Your home's square footage will play a role in the determination of cost for your inspection. As inspectors check for problems with lead, asbestos, black mold, radon and other toxic substances, they will need to make their way through your structure on a room-by-room basis. More space will require a longer visit. The age of your home may also affect the intensity of the inspection as some materials are more common in older residences.

Addressing the Results

While the inspection process is a necessary step before removing toxic materials such as black mold, it may be one of the least expensive aspects of the process if a significant level of such materials is found. Structural work may be required for removing materials that have been damaged by mold. Additionally, it's important to pinpoint the source of such issues.
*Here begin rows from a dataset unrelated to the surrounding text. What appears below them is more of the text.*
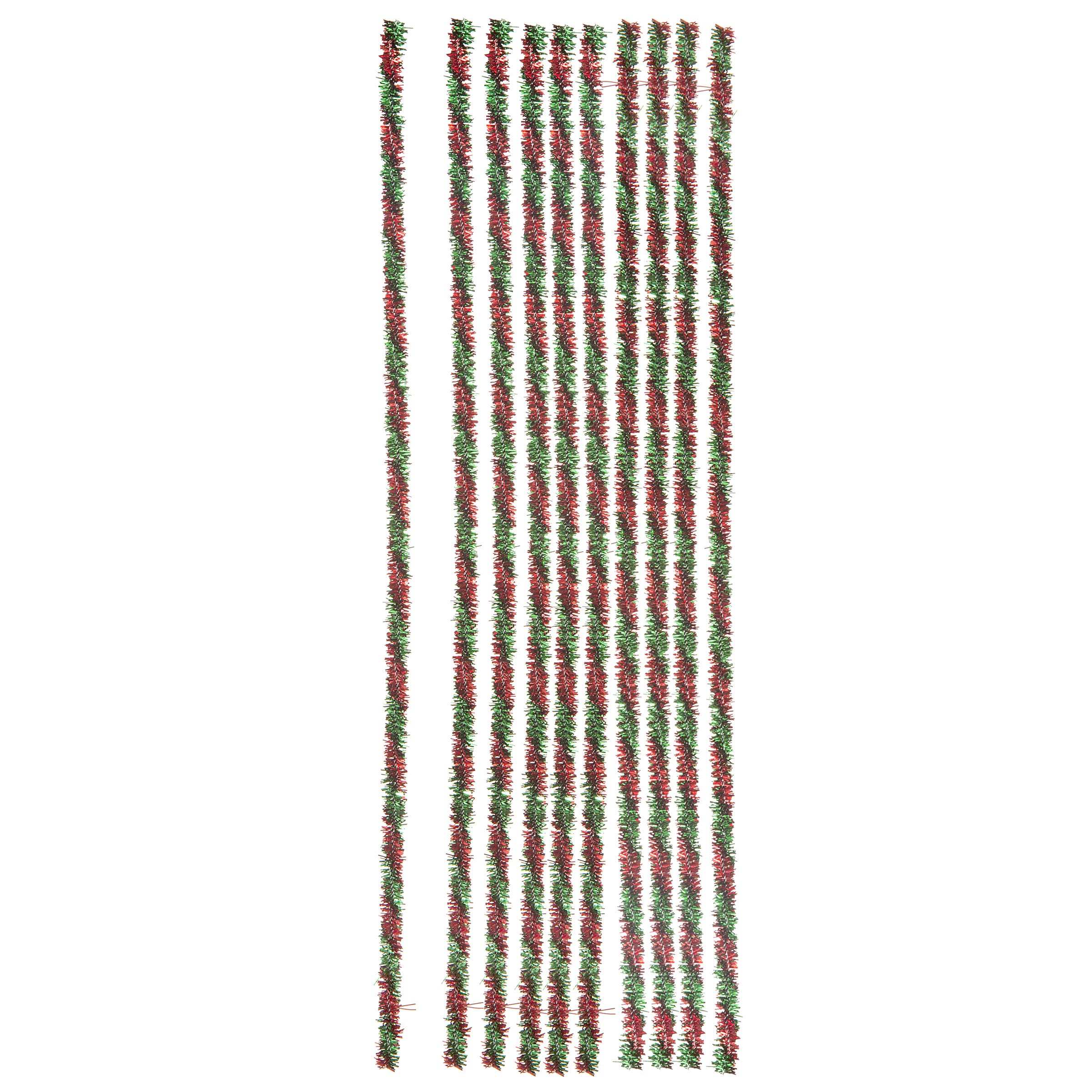 Tiges de guirlande flexibles 8 mm rouge vert pour fixer vos décors sans glisser x10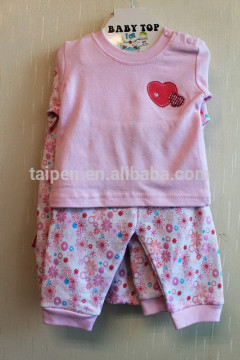 Wholesale Lovely New Born Knitted Clothing Set Long Sleeve Romper 100% Cotton Clothing Set 8TB1-50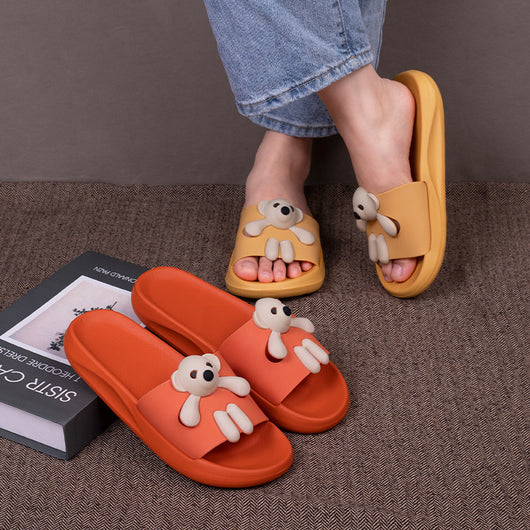 Sandalias y Pantuflas de Oso Cartoon para Parejas - Cómodas y Tiernas - Image 20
Excessive humidity or water leaks are some factors that can contribute to mold problems in a home, and you may need to solve these problems to prevent a return of the problem.

Air Quality Issues

Toxic materials in your home can affect your indoor air quality as well as structural integrity of the building. It may be helpful to include an air quality specialist in your investigation if you are dealing with problems like allergies or frequent illnesses. The indoor air specialist will consider the issues while keeping your HVAC system in mind, recognizing that the flow of air in your home directs airborne toxins. Resolving problems with toxic materials may include the need to update your home's ventilation so that a good exchange of fresh air can take place. Additionally, your HVAC specialist can evaluate the humidity in your home to determine whether updated equipment or supplemental humidity control systems are required to keep moisture levels in ideal ranges. As with a home inspector, it's important to evaluate the qualifications of your contractor. Your costs for an evaluation may be affected by the intricacy of your HVAC system and the sizing of your home.